Separation of powers is the legal doctrine prohibiting any branch of government from infringing on the powers held by another branch. The power to make laws is reserved for the legislative branch of government, not the judicial branch.
Findings of the Court Majority
Justice Robert L. Brown wrote for the majority, arguing the State’s response, “both in its briefs and at oral argument, is first to deny any backtracking on the part of the General Assembly, but, secondly, to urge that even if there has been backtracking, a new case must be filed in circuit court, and litigation must begin anew. We are disinclined to agree with the State.” Justice Tom Glaze, addressing the separation of powers issue, noted the Court rejected the argument it has "no role in examining school funding in light of the Arkansas Constitution” in 2002. The Court found its “refusal to review school funding under our state constitution would be a complete abrogation of our judicial responsibility and would work a severe disservice to the people of this state.” Justice Donald L. Corbin wrote, “I cannot sit back and allow the dissenters to label me as some kind of "super-legislature." Justice Betty C. Dickey wrote, “We cannot wait for other cases to wend their way through the system, while hoping that successive legislative sessions don't "go wobbly" in their resolve to put the educational needs of the children first. This is truly a process that is "not for the short-winded."”
Minority Dissent on Separation of Powers
Chief Justice Jim Hannah dissented, “While I understand and share the desire to assure that a constitutional system of public education is attained, the desire to see that the legislature does so is hardly a basis of jurisdiction.” He observed, “What brings us to the brink of abandoning the doctrine of separation of powers is not hard to understand. When we begin our analysis correctly, it is not difficult to continue down the right path. However, once we err, it can be very difficult to get back on the right path. It is beyond dispute in Arkansas that the responsibility for the creation, organization and regulation of the public schools system is within the exclusive province of the legislature.”
Justice Jim Gunter wrote, “A court cannot issue a writ "in aid of its jurisdiction" when it has no jurisdiction in the first place. The majority has cited nothing more than our statement in Lake View that we "will exercise the power and authority of the judiciary" as its basis for this jurisdiction. Our saying that it is so does not necessarily make it so, regardless of how laudable our motives.
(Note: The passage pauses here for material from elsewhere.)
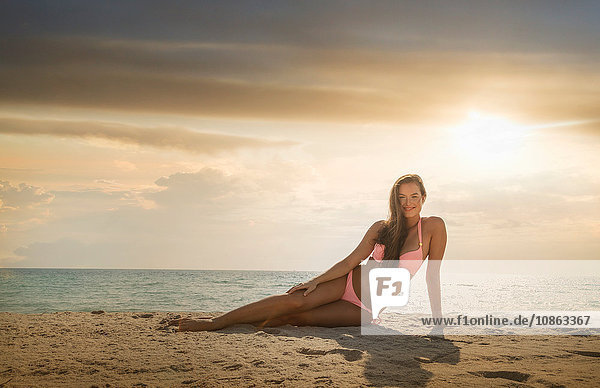 Porträt einer jungen Frau im Bikini beim Entspannen am Strand von Miami  Florida  USA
Moreover, in spite of the collective frustration of this court, the legislature, the governor, and the citizens of this state, the citizens of Arkansas have not given this court the job of establishing, maintaining, or operating the public-school system. The act of the majority decision in recalling the Lake View mandate, once again, expresses the court's distrust of the legislature, which has been given that job.”
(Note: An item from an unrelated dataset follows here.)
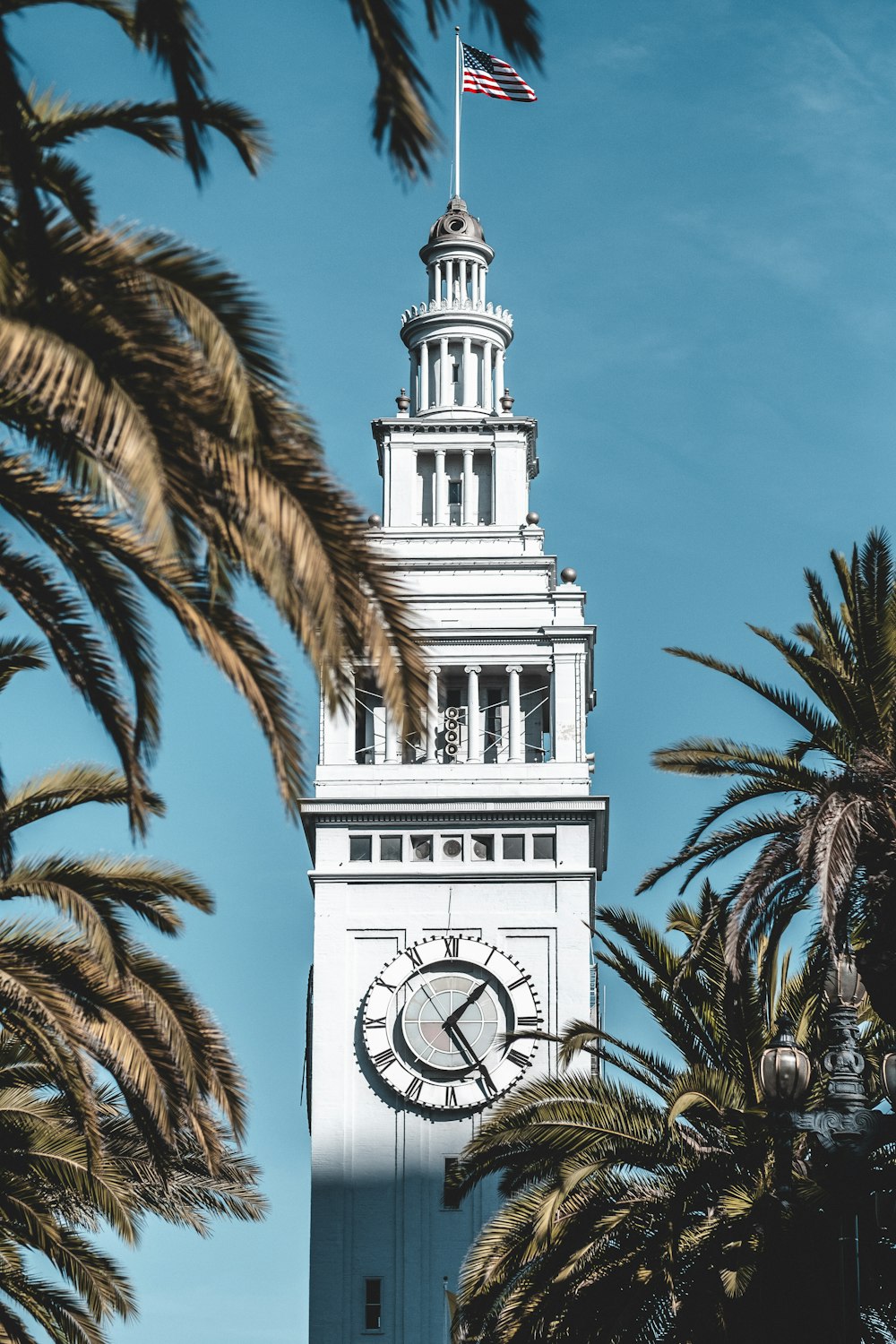 focus photography of white building under blue sky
Special Justice Carol Dalby also dissented, noting, “The second issue which precludes this court from re-entering this case is the time honored bedrock of our form of government and that is separation of powers. Our government is separated into three departments: the legislative department, the executive department, and the judicial department. Ark. Const. art. 4, § 1. Further, Article 4, § 2 of our constitution provides: No person or collection of persons, being of one of these departments, shall exercise any power belonging to either of the others, except in the instances hereinafter expressly directed or permitted. This court has not been given, nor has it ever had the authority to maintain a general, suitable, and efficient system of free public schools. Ark. Const. art. 4, § 1. That authority rests with the legislature. For this court to assume even an inkling of legislative authority weakens our judiciary and draws us into the Serbonian Bog from which we may never emerge. Like it or not, education and its reform in Arkansas rests with the legislature. If the people of Arkansas are not satisfied with what the elected representatives have crafted, then the people have the power to facilitate change. This court has courageously sounded the call for change. This court has acted with boldness and determination, but this court cannot and must not act beyond its constitutionally given powers.”
Special Masters Sworn In To Hear Testimony
Following the ruling former Chief Justice Brad Jesson of Fort Smith
and former Justice David Newbern of Little Rock were sworn in June 16
to hear testimony in the case. They are expected to complete their work
and report to the Court in September.